TASK STATEMENT –
Lines holding the word "Crescent": how many does the material below have? Answer with nothing but the number.

THE DATA –
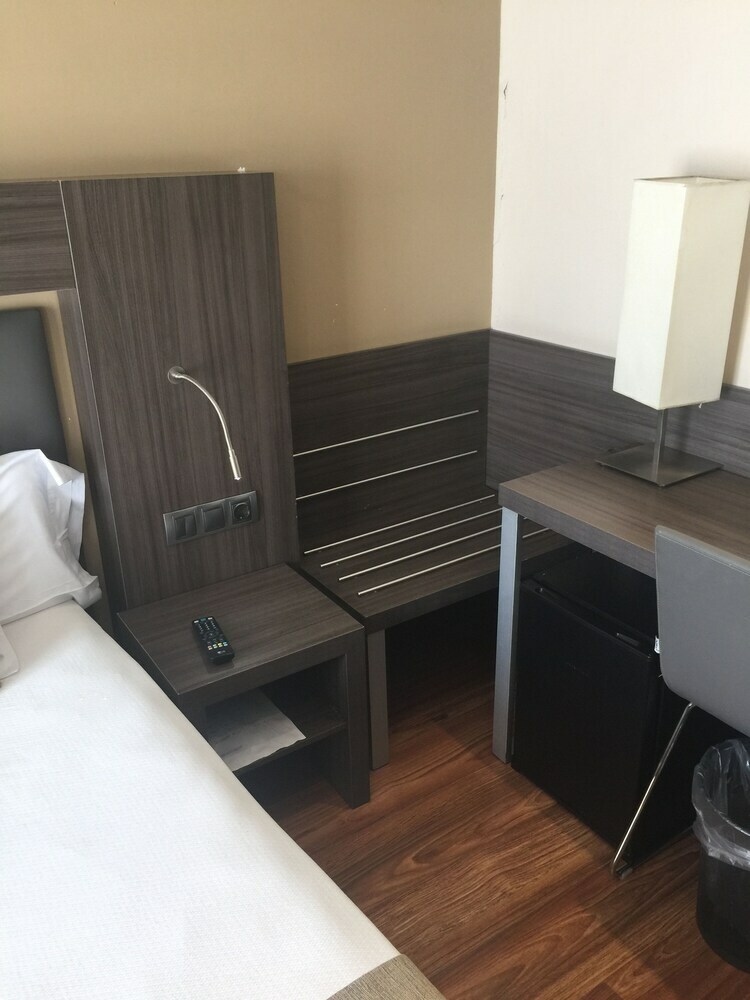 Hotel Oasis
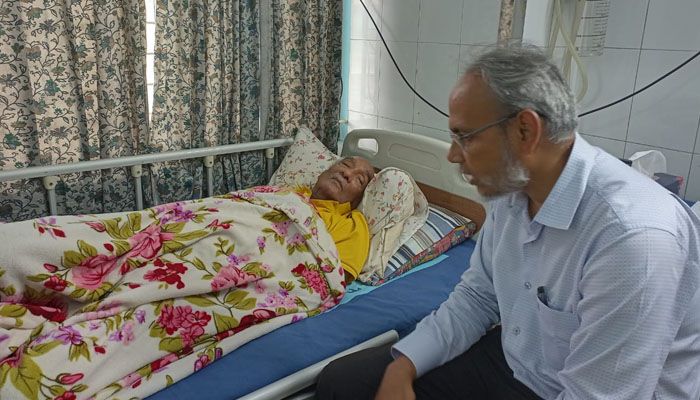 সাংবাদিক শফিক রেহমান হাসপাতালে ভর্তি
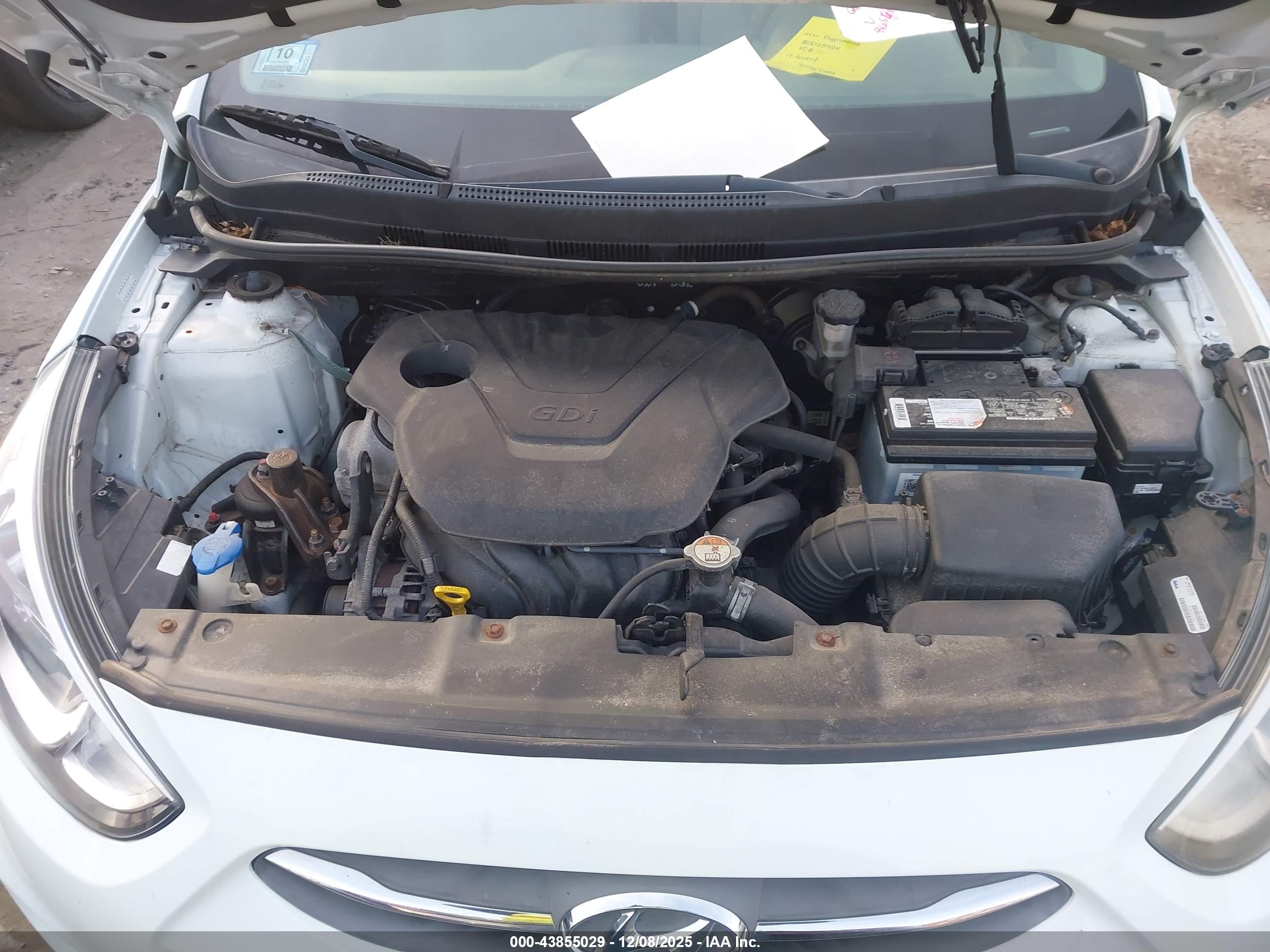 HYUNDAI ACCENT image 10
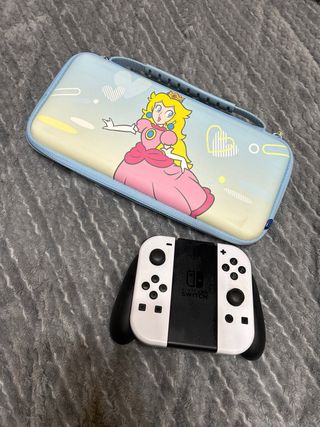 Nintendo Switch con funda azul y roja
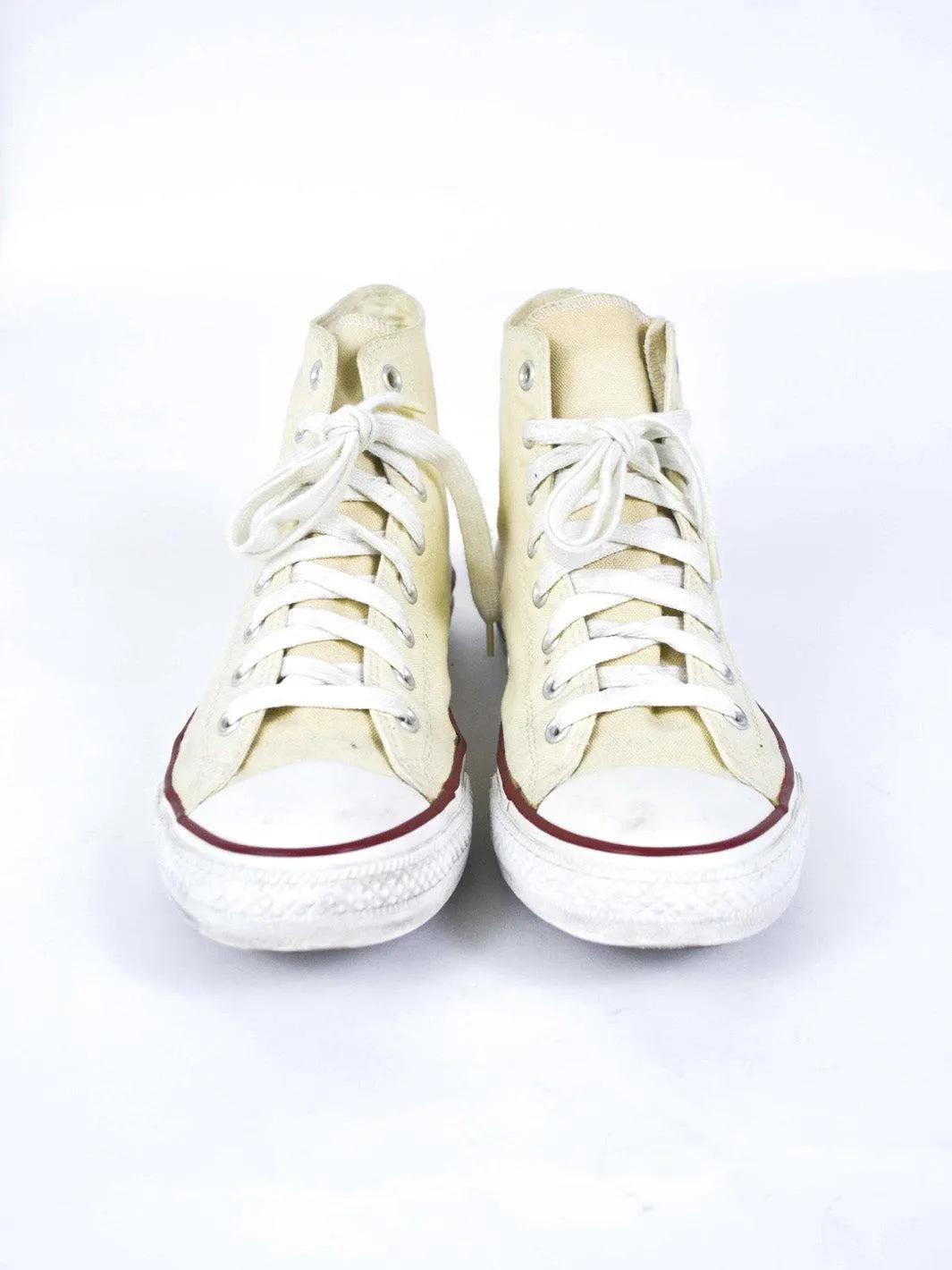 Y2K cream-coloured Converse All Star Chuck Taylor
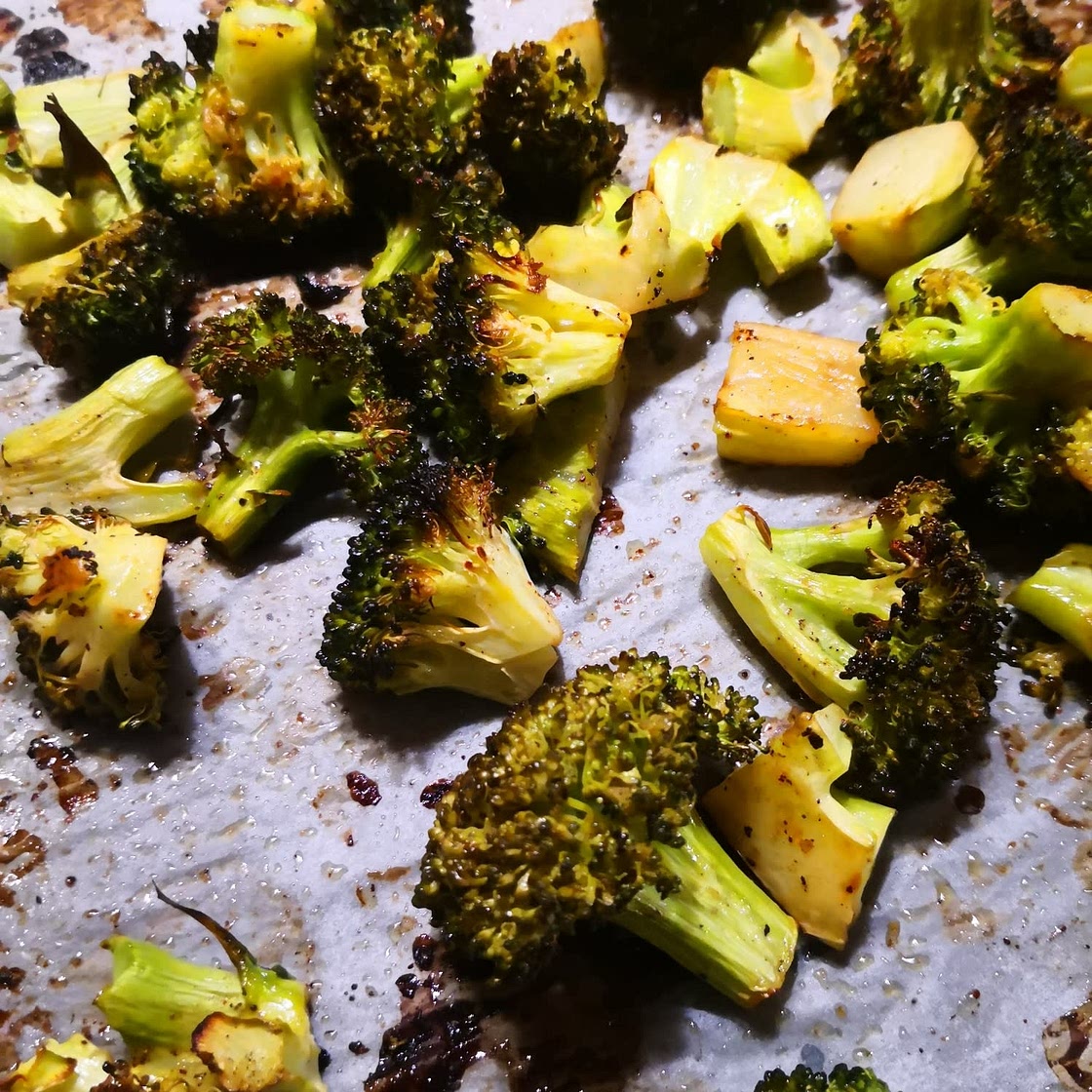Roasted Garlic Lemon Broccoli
==
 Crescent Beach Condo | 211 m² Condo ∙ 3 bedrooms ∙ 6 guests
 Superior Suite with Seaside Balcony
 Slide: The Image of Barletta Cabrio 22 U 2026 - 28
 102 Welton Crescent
--
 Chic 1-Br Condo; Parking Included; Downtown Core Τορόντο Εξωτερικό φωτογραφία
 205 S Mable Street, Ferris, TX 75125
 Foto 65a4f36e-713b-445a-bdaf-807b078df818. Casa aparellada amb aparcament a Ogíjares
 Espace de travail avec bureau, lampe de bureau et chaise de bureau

EXERCISE ANSWER –
2